Business affairs including strategies to keep your business moving forward during separation
Divorce is a stressful time. That stress can be compounded where one or both spouses are running a business. Is the business part of the asset split? Who keeps it? What is it worth? How do you keep it running in the meantime?
A share in a business is an asset
A share in a business is usually regarded as an asset and forms part of the asset pool for division. This is the case even for family businesses owned together with children or siblings, or where the business is owned with external business partners. It is also the case where the business operates though a trust, company or partnership.
So, what are the first steps?
If both spouses are working in the business, one of the first issues to resolve is whether both spouses will keep working in the business throughout the settlement negotiations. Keeping the business running and profitable throughout the negotiation process is vital. High levels of conflict between spouses has the potential to spill over into the workplace, affecting staff, customers, cashflow and profitability. Ways to avoid this can include:
Having clearly defined job roles and responsibilities
- Drawing up a schedule for which spouse is to be in the office on which days
- Having your accountant/manager step in to run management meetings
- One spouse stops working in the business
If spouses decide that one person will stop working in the business during negotiations, then there needs to be agreement about:
- how that spouse will access income in the meantime
- how that spouse will continue to have visibility of the business’ financial information and operations
Next step – reaching an agreement about the value of the business
This can be complex where business assets include intellectual property, real property holdings with development potential, or incomplete projects/deals.

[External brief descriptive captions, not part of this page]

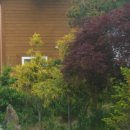 도담골 호반마을 이미지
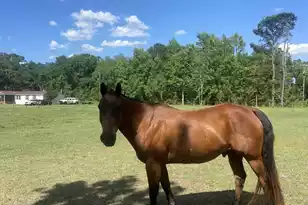 163 Keans Neck Rd, Seabrook, SC 29940 - Photo 31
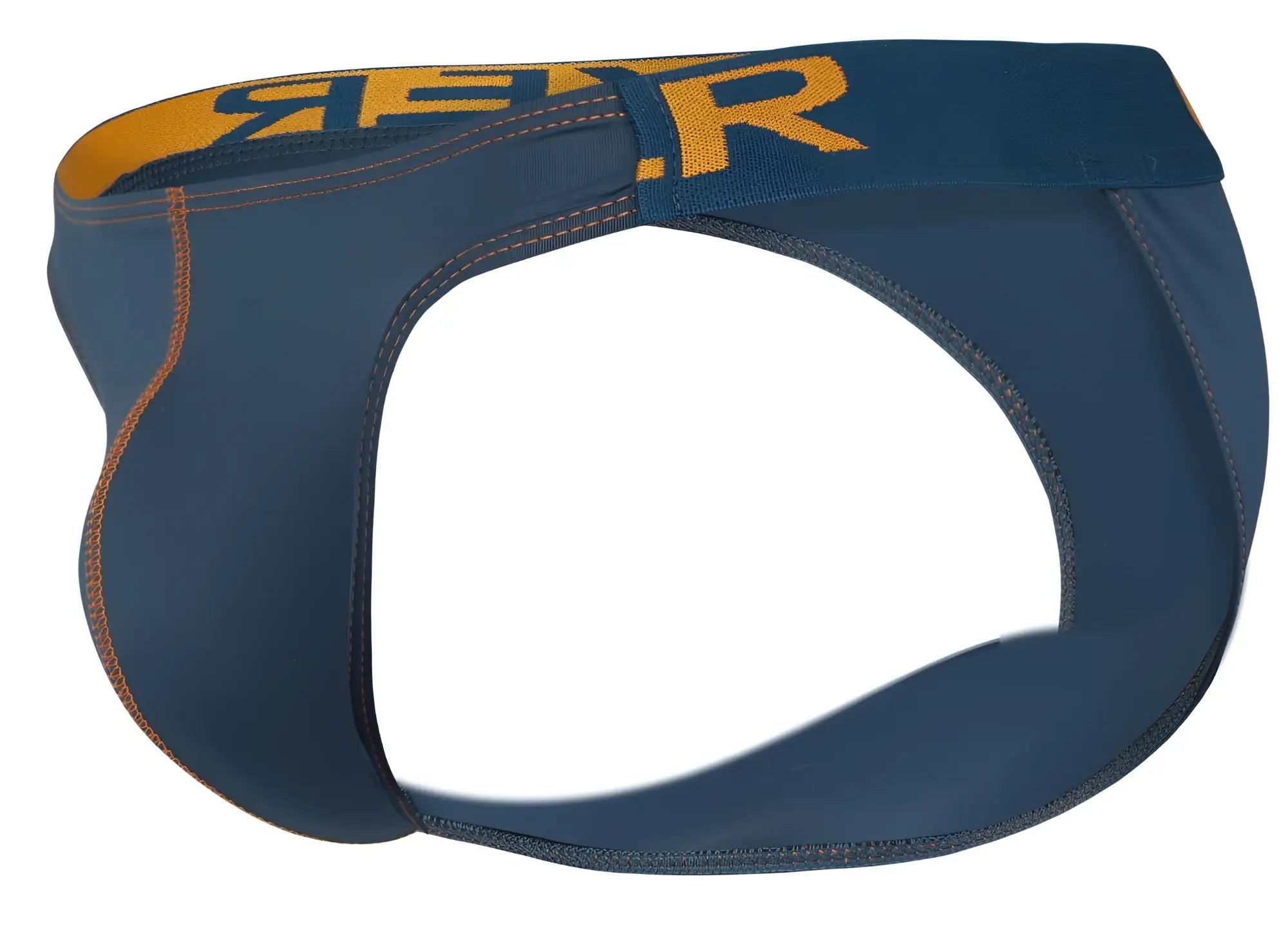 Navy blue and gold cleverly branded briefs with snug fit design from clevers 2009 earthskin bikini color petrol green collection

Spouses can agree on a value for their business, or if no agreement can be reached, or if the business is highly profitable, specialised or otherwise complex, then a joint expert valuation can be obtained. In most cases, both the business, real property and plant and equipment owned by the business are usually valued by independent jointly appointed experts with family law experience. Whilst there are many ways to value a business in family law cases (and every business will be unique) the most used methods are:
- net assets of the business
- future maintainable earnings
Is the business going to be sold?
Just like any other asset in the pool it will need to be decided if one party is retaining the business or if it is being sold. It is rare for spouses to continue running their business together after divorce.
If you own the business with external business partners, it is common for these partners to be concerned about the divorce causing disruption to the business, the leakage of market sensitive information through the disclosure process or the sale/end of the business. Keeping external business partners informed and reassured can help allay these concerns. In some instances, confidentiality agreements might be requested.
The end of the marriage does not have to be the end of the business. However, like a good business plan, careful, considered management of the negotiation process and what occurs throughout is integral to the business surviving (or even thriving) to whether the performance of a business during this process.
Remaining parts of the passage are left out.